*What is needed:*
Collect the lines of the entries where "Photo" shows up.

*Dataset records:*

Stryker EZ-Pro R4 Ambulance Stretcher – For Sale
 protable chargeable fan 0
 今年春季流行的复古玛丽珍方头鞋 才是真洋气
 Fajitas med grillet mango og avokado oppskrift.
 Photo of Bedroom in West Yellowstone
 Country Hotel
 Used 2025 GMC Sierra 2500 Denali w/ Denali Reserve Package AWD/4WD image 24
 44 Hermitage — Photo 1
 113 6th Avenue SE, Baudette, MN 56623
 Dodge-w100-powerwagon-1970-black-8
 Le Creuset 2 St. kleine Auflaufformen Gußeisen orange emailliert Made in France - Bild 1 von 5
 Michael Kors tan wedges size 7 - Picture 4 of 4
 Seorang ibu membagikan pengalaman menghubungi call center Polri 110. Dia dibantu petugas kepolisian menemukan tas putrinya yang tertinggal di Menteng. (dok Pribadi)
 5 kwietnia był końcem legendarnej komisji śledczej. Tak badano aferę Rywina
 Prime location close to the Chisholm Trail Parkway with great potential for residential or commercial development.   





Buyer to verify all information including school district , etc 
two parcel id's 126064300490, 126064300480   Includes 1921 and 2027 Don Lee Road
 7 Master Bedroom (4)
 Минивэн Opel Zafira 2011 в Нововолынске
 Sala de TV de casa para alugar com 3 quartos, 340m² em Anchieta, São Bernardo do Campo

*Written solution:*
 Photo of Bedroom in West Yellowstone
 44 Hermitage — Photo 1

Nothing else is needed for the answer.